Key Takeaways
- Foray Bioscience has launched Pando, a platform that consolidates in vitro plant culture knowledge, research protocols, and laboratory operations into a single workspace.
- More than 70% of in vitro plant production projects currently fail due to protocol complexity, with a single production workflow dependent on over 34 individual variables.
- Of more than 350,000 land plant species, only around 2% have been meaningfully studied in vitro, leaving most plant culture projects without usable prior knowledge to draw on.
- Pando is available via self-serve signup in three tiers ranging from a free Core plan to a $249/month Pro plan, and is already in use across academic and commercial environments.
- Foray Bioscience uses Pando internally to develop fabricated seeds, with active commercial partnerships with Z's Nutty Ridge and West Coast Chestnut.
Foray Bioscience Launches Pando to Address Fragmented In Vitro Plant Knowledge Infrastructure
Foray Bioscience has announced the launch of Pando, a platform designed to consolidate in vitro plant culture knowledge, research protocols, and laboratory operations. The company describes it as the world's largest structured in vitro plant knowledge base combined with AI-assisted research tools — built in response to what Foray characterizes as a persistent infrastructure gap in plant science.
The platform is already in use across academic and commercial settings. Foray reports that users have reached successful in vitro plant protocols more than three times faster than through conventional approaches, though the company did not provide details on how that figure was measured.
The Structural Problem in Plant Culture Research
Plant science sits at an unusual intersection of scale and neglect. Plants underpin an estimated half of global GDP, yet research infrastructure in the sector remains highly fragmented. Relevant knowledge is distributed across academic papers, spreadsheets, lab notebooks, and institutional memory with limited interoperability. Of more than 350,000 known land plant species, only around 2% have been meaningfully studied in vitro.
That knowledge deficit has practical consequences. Growing a plant from the cell up can involve more than 40 interacting variables in a single culture workflow. Without shared, structured prior knowledge, most projects start from scratch — increasing development timelines, costs, and failure rates. Foray puts the current in vitro project failure rate at above 70%.
“Translation of new plant products and crop varieties, from lab to market, hinges on successful in vitro workflows. Today, more than 70% of these projects fail due to the extreme complexity of protocol design: A single production process depends on more than 34 individual variables, which would require a boggling 17 billion experiments and more than 2 billion years to fully explore. The future of plant production requires turning plant knowledge into predictive models that improve the odds of success, learning and improving over time,” said Ashley Beckwith, founder and CEO of Foray Bioscience.

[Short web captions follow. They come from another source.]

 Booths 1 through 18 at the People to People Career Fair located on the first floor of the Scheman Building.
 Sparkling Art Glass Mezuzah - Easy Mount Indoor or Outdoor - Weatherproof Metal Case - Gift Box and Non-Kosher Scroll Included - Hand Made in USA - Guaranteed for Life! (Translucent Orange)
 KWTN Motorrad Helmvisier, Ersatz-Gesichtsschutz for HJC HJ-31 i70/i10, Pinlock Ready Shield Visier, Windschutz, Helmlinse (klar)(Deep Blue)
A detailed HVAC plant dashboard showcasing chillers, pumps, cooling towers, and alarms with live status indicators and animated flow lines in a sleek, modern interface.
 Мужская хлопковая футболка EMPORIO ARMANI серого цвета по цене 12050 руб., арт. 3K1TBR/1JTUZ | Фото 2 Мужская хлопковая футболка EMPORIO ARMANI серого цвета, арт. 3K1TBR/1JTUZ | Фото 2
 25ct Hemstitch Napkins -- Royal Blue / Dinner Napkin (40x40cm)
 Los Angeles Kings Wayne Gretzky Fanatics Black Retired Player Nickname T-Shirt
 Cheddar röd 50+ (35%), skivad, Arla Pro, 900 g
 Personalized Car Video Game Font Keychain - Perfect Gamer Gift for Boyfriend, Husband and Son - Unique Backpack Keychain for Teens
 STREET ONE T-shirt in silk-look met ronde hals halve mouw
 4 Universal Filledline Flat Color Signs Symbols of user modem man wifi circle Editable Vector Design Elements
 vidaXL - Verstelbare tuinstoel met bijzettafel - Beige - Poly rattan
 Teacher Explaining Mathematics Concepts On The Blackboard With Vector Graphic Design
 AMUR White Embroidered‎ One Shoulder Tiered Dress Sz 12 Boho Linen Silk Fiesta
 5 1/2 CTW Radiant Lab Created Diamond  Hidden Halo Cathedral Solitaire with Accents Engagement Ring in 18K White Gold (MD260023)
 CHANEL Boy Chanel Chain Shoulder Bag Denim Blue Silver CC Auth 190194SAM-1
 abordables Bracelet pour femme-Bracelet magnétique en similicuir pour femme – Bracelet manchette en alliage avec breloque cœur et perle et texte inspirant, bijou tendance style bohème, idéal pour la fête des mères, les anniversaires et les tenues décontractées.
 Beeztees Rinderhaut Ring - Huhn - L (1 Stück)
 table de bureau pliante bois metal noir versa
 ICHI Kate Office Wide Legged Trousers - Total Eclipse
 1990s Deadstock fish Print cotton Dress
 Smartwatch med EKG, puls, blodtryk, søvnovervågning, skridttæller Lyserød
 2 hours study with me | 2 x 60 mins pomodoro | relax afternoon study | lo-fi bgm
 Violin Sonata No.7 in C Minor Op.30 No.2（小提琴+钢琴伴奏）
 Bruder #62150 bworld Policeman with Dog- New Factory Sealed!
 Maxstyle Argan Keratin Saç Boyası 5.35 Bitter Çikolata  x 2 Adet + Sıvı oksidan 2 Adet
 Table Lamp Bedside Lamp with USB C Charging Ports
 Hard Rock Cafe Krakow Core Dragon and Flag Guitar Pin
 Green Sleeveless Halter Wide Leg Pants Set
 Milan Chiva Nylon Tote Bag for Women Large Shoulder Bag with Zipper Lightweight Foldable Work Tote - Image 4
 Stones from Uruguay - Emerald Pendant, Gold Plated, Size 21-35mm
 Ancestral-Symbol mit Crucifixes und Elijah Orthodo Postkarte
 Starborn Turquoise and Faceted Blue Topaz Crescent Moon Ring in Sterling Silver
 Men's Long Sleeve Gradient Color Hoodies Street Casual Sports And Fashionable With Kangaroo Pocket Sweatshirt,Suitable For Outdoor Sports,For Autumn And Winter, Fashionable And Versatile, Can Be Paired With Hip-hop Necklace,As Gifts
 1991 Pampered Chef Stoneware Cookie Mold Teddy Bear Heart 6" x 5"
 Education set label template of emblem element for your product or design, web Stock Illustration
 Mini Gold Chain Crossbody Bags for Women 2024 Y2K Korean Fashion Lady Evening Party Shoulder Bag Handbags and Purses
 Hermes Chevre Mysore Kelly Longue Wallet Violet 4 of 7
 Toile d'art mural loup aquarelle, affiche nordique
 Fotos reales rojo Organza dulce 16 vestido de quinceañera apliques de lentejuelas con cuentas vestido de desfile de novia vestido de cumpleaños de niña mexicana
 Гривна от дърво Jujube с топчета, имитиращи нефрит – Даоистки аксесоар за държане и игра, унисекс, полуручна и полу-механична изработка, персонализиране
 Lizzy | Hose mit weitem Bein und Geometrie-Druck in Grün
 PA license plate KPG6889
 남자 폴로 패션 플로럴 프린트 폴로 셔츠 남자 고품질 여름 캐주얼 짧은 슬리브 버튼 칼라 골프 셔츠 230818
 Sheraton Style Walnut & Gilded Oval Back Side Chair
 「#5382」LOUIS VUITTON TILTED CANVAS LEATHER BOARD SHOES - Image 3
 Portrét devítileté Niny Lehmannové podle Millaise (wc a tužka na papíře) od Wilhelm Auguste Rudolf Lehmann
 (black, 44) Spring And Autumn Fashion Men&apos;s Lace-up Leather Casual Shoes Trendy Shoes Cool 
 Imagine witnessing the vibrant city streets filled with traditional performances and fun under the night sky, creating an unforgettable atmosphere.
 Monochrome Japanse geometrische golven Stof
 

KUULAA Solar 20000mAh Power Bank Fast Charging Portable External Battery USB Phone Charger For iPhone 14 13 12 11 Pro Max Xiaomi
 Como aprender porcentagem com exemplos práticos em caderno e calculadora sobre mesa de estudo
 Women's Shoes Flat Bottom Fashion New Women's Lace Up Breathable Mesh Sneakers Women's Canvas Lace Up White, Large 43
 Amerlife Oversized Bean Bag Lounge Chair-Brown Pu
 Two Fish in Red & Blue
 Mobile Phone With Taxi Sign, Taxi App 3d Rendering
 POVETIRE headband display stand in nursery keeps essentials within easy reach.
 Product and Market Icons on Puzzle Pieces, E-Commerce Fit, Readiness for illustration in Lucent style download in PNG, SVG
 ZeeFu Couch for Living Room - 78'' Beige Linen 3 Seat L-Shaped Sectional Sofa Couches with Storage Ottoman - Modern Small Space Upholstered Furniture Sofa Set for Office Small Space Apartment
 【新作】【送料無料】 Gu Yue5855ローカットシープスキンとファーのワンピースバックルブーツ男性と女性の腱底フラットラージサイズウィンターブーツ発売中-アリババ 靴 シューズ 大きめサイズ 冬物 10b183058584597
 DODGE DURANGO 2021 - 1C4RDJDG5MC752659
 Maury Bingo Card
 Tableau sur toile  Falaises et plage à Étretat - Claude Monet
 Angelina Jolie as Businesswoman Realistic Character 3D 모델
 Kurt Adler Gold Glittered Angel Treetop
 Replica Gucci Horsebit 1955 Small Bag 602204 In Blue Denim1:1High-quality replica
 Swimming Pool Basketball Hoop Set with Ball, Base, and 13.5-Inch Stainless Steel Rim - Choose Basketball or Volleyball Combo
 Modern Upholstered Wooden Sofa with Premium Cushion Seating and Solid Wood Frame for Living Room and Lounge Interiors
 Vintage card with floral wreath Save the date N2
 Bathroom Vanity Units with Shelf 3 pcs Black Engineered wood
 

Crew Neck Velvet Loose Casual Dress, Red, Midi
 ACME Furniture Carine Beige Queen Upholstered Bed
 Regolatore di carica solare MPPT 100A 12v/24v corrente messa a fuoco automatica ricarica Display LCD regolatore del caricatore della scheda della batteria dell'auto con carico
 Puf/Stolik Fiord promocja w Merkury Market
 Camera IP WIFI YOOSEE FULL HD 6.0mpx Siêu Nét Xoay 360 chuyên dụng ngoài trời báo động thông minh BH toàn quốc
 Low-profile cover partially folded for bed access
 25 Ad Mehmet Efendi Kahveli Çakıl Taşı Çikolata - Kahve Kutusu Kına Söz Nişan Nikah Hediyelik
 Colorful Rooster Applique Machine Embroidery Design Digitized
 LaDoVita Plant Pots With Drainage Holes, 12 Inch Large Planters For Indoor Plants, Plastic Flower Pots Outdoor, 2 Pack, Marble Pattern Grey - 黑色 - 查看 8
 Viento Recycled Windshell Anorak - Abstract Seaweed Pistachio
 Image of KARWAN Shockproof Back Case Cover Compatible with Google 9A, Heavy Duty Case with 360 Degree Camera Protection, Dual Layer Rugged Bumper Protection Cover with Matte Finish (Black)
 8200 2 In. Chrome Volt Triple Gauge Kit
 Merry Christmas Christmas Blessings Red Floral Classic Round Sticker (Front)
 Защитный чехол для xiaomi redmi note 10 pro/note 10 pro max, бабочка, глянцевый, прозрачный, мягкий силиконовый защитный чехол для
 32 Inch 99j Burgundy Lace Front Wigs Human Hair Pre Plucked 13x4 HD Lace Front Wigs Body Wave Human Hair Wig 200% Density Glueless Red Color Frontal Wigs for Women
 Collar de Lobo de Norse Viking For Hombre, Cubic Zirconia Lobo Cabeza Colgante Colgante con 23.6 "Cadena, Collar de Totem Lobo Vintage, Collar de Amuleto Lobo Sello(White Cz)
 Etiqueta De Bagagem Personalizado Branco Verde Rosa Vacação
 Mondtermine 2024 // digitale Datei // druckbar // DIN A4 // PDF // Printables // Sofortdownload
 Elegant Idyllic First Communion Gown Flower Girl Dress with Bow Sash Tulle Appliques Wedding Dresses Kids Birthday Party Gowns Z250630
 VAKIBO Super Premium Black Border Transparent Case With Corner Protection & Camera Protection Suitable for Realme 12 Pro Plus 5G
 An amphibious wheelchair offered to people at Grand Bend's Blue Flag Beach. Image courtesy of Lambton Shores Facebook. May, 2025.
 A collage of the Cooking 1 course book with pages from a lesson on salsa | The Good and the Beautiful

What Foray Bioscience's Pando Does and Who Uses It
Pando is designed for organizations working across plant propagation, bioengineering, biomanufacturing, research, and conservation. The platform allows users to search and compare media formulations across sources, build and share protocols with embedded data standards, manage biological collections and team tasks, and design statistically structured experiments. An AI assistant provides project-specific guidance. A forthcoming module will allow users to score and predict protocol performance computationally before beginning lab work.
Foray uses Pando internally to support its fabricated seed development programs. The company has entered commercial fabricated seed partnerships with Z's Nutty Ridge and West Coast Chestnut to accelerate the production and distribution of domestically-adapted nut tree varieties.
Pando is available via self-serve signup on their website.